If at first you don’t succeed, secede. That’s the latest message from California, where the idea of breaking up with the United States is the current rage. With Donald Trump in the White House attempting to “make America great again,” the idea of returning to an era of freedom, faith and family is as antithetical to the cool crowd as a blue-light special at Kmart. The farther the Left Coast travels down the road toward “Calexit,” the harder the climb back into the good graces of Americans for whom California is not as cool as it once was.

State Attorney General Xavier Becerra has blessed the attempt by left-wing secessionists to open a petition drive seeking the 585,000 signatures required to place a secession measure on the 2018 California ballot. An earlier petition in April failed, the new one calls for a more “measured” approach, including the formation of a commission to plot California’s drive for independence and a rewrite of the state’s constitution to leave out the poetic part about being inseparable from the union.
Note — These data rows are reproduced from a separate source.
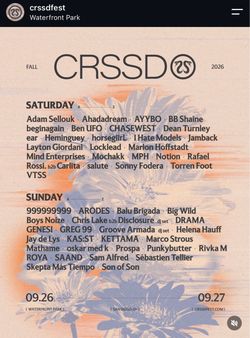 CRSSD 2 day Ticket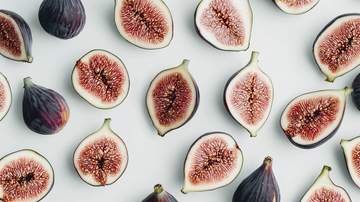 无缝拼接的紫色无花果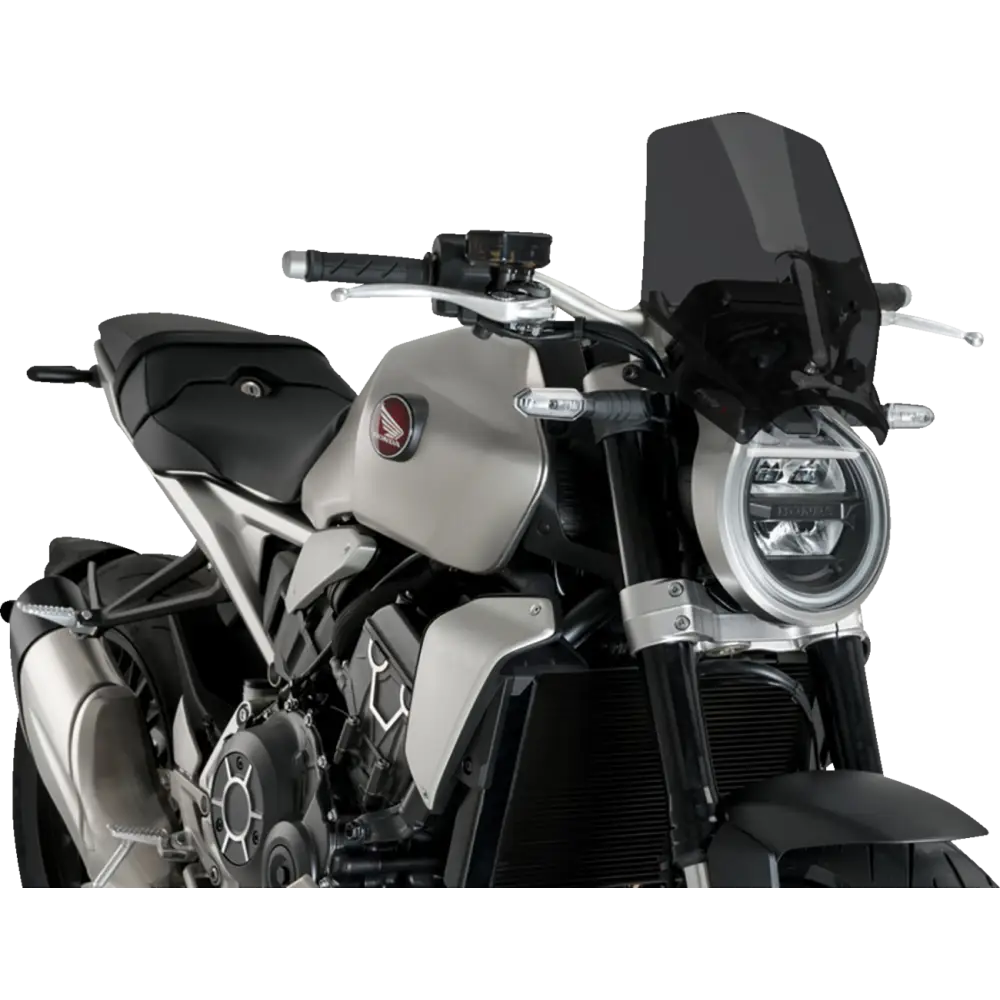 PUIG HI-TECH PARTS New Generation Sport Windshield - 13-1/2" - Dark Smoke - CB1000R 20862F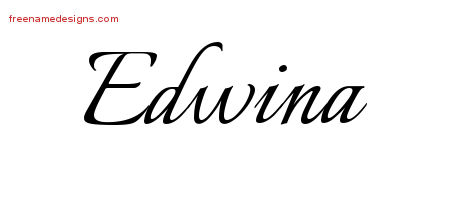 Calligraphic Name Tattoo Designs Edwina Download Free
Gov. Jerry Brown, a Democrat, bolstered the cause of secession, intentionally or not, by championing policies on international issues that clash with those of the United States. When President Trump announced in June that the United States would leave the Paris Climate accord, Mr. Brown hurried to the G20 conference in Germany to advertise his own climate summit next year in San Francisco: “We in California and in states all across America believe it’s time to act,” he said. “It’s time to join together, and that’s why at this Climate Action Summit we’re going to get it done.”

Calexit, a word coined to mimic Britain’s successful “Brexit” vote to leave the European Union a year ago, is mostly a reaction to the appeal elsewhere of Donald Trump. But rather than simply resist, the secessionists want to collect their toys — and their state — and go home. Or stay at home, or whatever. Americans shouldn’t be surprised. California is, after all, the place where fantasy flourishes.

The path to divorce is fraught with unsuspected danger, however. Though there’s no Abraham Lincoln standing by to keep the union undamaged, it may be useful for California to remember, if Californians have heard about it, that the nation fought a very uncivil war a century and a half ago over secession. As the historically ignorant pull down statues of the Confederate heroes of the South they despise, some Californians want to try again.

Californians are not the first modern Americans to tempt the wrath of Washington with loose talk of taking a hike. Texas, which might actually have a constitutional case for secession, dabbled with the idea of secession during the Obama administration, and a petition pulling in 125,000 signatures said the departure of Texas would “protect the original ideas and beliefs of our founding fathers which are no longer being reflected by the federal government.” A poll as late as last year found 26 percent of Texans eager to go it alone.

Some Californians might come to regret their impetuous initiative. Donald Trump won’t be president beyond January 2025, if that long. While the hotheads strain to break with the United States, California’s new Sen. Kamala Harris is clearly angling to succeed him. A successful Calexit could eliminate her chance to make over the entire nation in an image that Barack Obama might envy. Southerners have cried for more than a hundred years that “the South rise again.” Who would have guessed the secessionists would attempt it in California?